Aside from the pictures, copy the listing exactly.

*** DATA EXTRACT ***

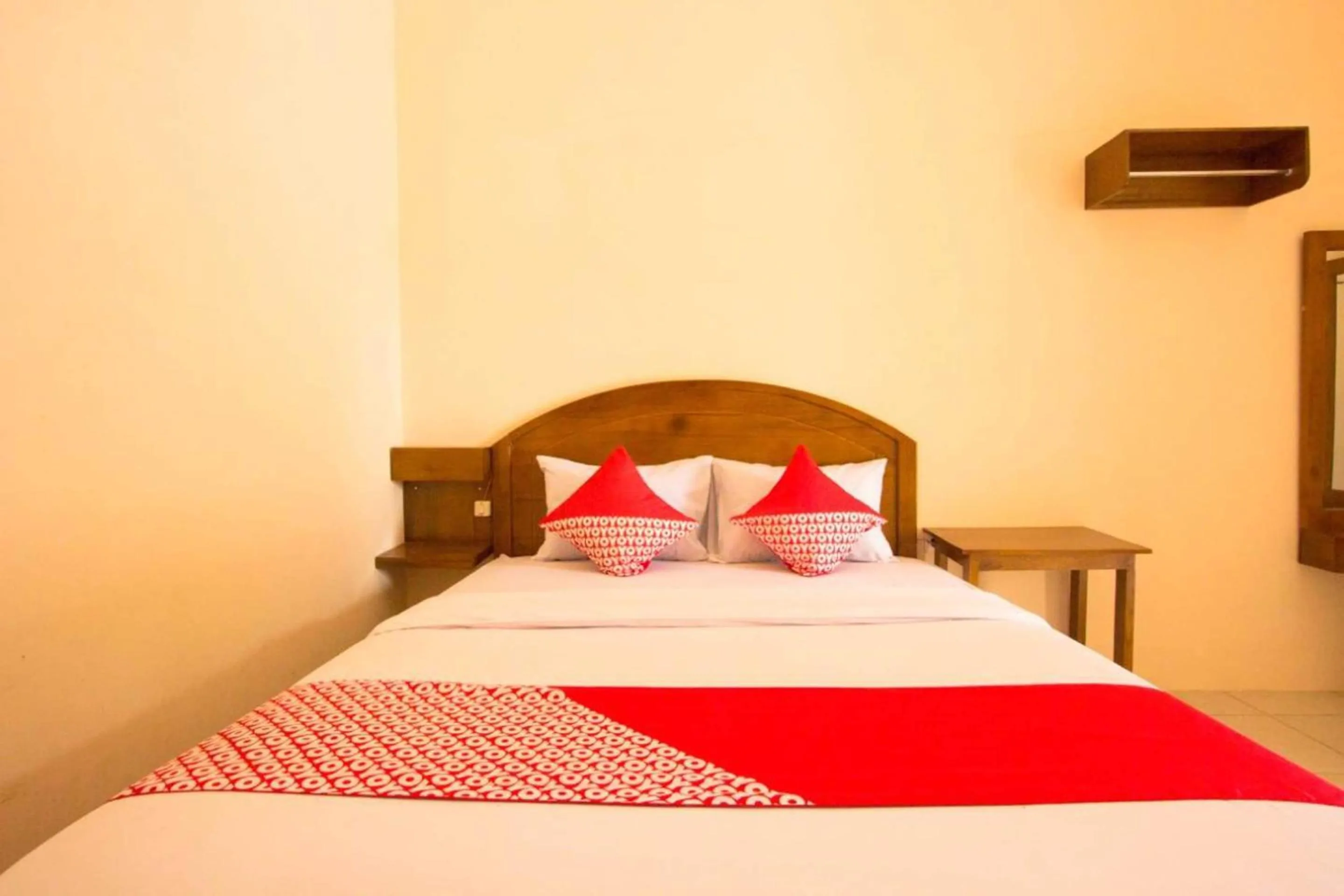 Bedroom in Hotel O Kebon Manis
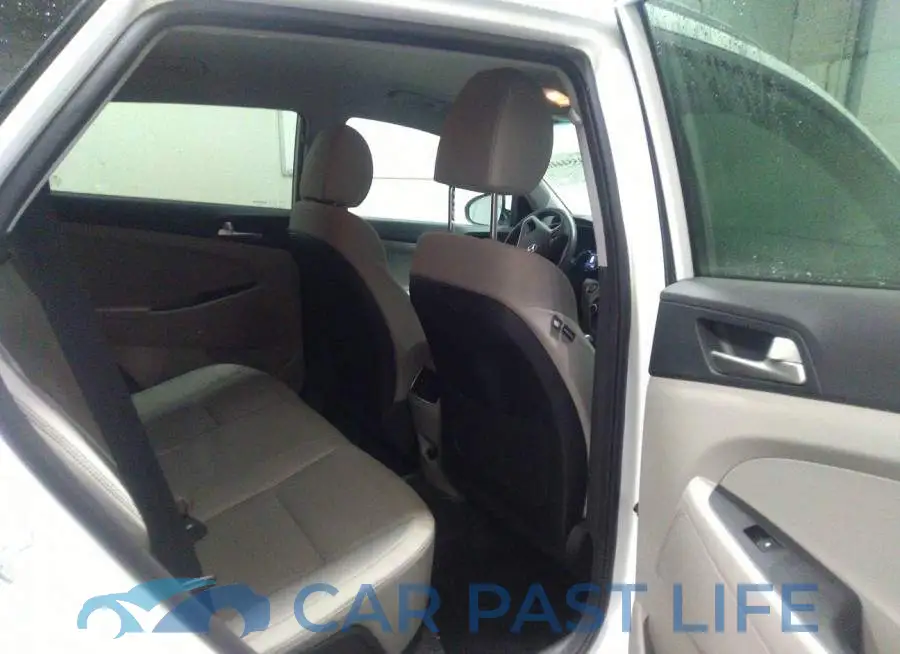 KM8J3CAL4LU161272# 8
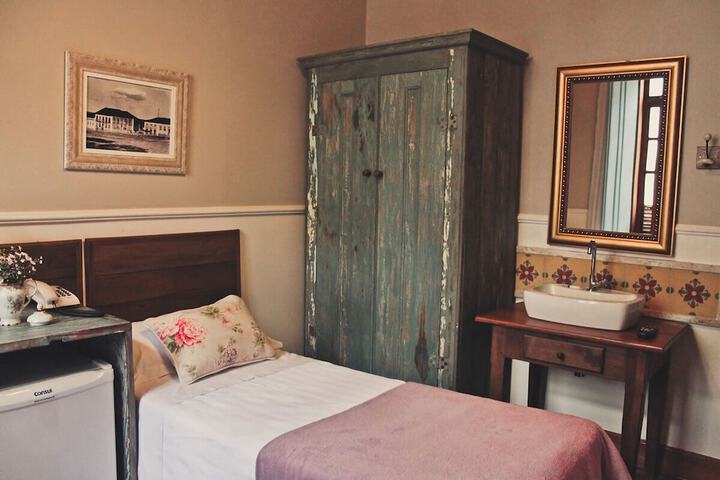 Room 5 of 40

*** End of DATA EXTRACT ***

= ANSWER TO THIS EXERCISE =
 Bedroom in Hotel O Kebon Manis
 KM8J3CAL4LU161272# 8
 Room 5 of 40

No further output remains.